Infection is the leading cause of morbidity and mortality among patients with hematological malignancies (1). Previously, Gupta et al retrospectively studied six cases with tuberculosis among 382 acute lymphoblastic leukemia patients with febrile episodes; the rate of infection with tuberculosis was 1.57% (2). Patients with hematological malignancies have been reported to develop tuberculosis during or following chemotherapy (1,3). In addition, the diagnosis of tuberculosis is often difficult to determine due to its atypical symptoms, various radiographic observations and other examinations, such as negative purified protein derivative (PPD) skin test. Therefore, it is necessary to pay more attention to these patients.

The current study describes a case of scrofula and pulmonary tuberculosis with acute myelocytic leukemia (AML). Notably, the tuberculosis infection may have existed prior to the diagnosis of AML and then become aggravated during and following the chemotherapy. In addition, the patient presented with fever, lymphadenopathy and hemophagocytosis in the bone marrow. The current case report highlights that clinicians must be alerted to atypical characteristics of tuberculosis infection, particularly among patients with hematological malignancies.

Case report

In November 2010, a 23-year-old male was referred to the Hematology Clinic of the Second Xiangya Hospital (Changsha, China) with a fever and dry cough for one week. The patient’s blood routine (BR) showed a white blood cell count of 76.8×109/l, hemoglobin count of 6.6 g/dl, red blood cell count of 1.87×1012/l and platelet count of 31×109/l, with 87.80% neutrophils. Subsequently, the patient was admitted to the Department of Hematology (The Second Xiangya Hospital, Central South University, Changsha) for further evaluation. The patient had no history of tuberculosis in the family.

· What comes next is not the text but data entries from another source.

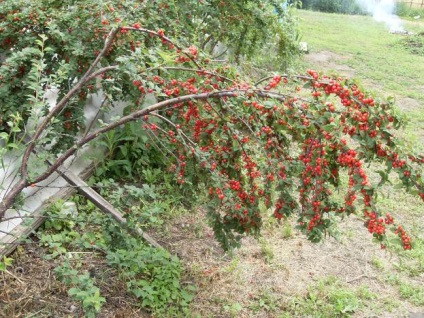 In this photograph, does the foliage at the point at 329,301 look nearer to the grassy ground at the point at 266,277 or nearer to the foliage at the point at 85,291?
the grassy ground at the point at 266,277

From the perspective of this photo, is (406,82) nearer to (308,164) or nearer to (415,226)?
(415,226)

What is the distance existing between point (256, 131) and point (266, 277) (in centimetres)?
149

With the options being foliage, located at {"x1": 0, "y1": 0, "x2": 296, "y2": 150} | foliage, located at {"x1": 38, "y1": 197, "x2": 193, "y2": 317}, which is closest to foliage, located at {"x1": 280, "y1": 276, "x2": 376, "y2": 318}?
foliage, located at {"x1": 38, "y1": 197, "x2": 193, "y2": 317}

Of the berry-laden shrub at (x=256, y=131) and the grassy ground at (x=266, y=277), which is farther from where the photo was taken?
the grassy ground at (x=266, y=277)

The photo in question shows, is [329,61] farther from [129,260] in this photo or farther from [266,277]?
[129,260]

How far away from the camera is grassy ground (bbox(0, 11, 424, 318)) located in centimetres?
303

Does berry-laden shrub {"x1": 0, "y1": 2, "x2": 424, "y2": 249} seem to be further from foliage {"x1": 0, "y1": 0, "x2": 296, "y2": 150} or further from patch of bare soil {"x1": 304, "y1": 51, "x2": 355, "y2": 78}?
patch of bare soil {"x1": 304, "y1": 51, "x2": 355, "y2": 78}

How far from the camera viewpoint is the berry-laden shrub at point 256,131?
206 cm

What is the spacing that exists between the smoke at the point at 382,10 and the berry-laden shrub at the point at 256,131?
16005 millimetres

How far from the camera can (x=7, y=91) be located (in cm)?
294

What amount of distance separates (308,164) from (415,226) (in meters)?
2.79

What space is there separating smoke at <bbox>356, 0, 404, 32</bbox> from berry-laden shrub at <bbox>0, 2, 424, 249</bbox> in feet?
52.5

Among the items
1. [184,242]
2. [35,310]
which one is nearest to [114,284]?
[35,310]

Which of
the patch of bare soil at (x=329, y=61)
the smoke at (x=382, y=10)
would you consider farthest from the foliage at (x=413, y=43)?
the smoke at (x=382, y=10) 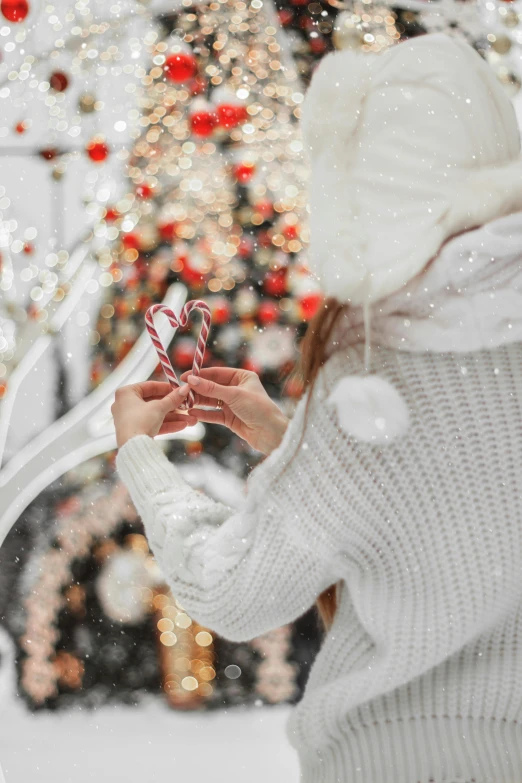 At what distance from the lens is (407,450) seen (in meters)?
0.73

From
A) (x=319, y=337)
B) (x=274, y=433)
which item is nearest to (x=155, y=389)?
(x=274, y=433)

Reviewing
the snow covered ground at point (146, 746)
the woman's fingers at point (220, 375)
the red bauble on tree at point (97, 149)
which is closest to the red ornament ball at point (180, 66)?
the red bauble on tree at point (97, 149)

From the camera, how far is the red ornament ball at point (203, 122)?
196 cm

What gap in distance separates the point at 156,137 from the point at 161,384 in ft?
3.57

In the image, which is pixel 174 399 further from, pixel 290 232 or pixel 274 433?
pixel 290 232

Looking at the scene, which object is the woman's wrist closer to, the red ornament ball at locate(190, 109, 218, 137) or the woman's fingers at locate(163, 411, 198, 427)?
the woman's fingers at locate(163, 411, 198, 427)

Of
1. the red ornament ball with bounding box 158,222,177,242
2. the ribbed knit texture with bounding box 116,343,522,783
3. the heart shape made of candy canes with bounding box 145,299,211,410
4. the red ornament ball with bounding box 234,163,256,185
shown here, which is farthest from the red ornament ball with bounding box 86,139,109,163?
the ribbed knit texture with bounding box 116,343,522,783

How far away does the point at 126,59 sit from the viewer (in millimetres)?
1939

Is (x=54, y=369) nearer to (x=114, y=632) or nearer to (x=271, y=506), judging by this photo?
(x=114, y=632)

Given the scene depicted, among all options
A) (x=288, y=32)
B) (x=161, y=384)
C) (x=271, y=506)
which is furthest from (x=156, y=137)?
(x=271, y=506)

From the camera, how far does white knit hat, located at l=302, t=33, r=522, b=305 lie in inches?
27.4

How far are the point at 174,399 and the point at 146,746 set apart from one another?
4.48 ft

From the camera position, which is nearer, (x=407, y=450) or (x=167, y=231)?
(x=407, y=450)

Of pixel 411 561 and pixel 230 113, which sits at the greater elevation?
pixel 411 561
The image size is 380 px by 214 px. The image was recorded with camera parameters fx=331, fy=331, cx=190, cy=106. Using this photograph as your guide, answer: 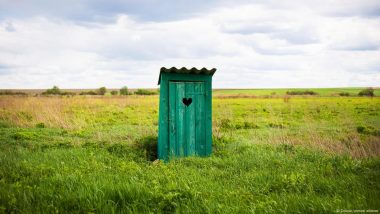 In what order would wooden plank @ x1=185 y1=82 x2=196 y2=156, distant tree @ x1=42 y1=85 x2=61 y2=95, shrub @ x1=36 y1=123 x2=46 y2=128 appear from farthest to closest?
1. distant tree @ x1=42 y1=85 x2=61 y2=95
2. shrub @ x1=36 y1=123 x2=46 y2=128
3. wooden plank @ x1=185 y1=82 x2=196 y2=156

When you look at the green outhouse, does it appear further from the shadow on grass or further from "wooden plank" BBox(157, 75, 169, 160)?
the shadow on grass

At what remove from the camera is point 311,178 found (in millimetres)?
5539

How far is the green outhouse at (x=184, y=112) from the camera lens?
8.08 m

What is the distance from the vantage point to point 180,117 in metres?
8.17

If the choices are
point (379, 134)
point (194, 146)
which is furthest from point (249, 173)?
point (379, 134)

On admission, the patient had a body temperature of 39.0°C. No abnormality was identified on physical examination. In the peripheral blood work, lactic dehydrogenase (LDH) was high at 937.5 μ/l (upper limit of normal, 245.0 μ/l) and bone marrow aspiration revealed 77% myeloblasts. Peroxidase staining was positive and immunophenotype examination revealed that these cells had originated from myeloblastic cell lines. In addition, AML1/ETO fusion gene expression was positive. X-ray chest radiograph showed enlargement of the left hilar, laminar shadow and marginal infiltration in the right lower lung lobe. Therefore, the diagnosis of AML-M2a was determined and the induction chemotherapy was initiated, with empiric antibiotics.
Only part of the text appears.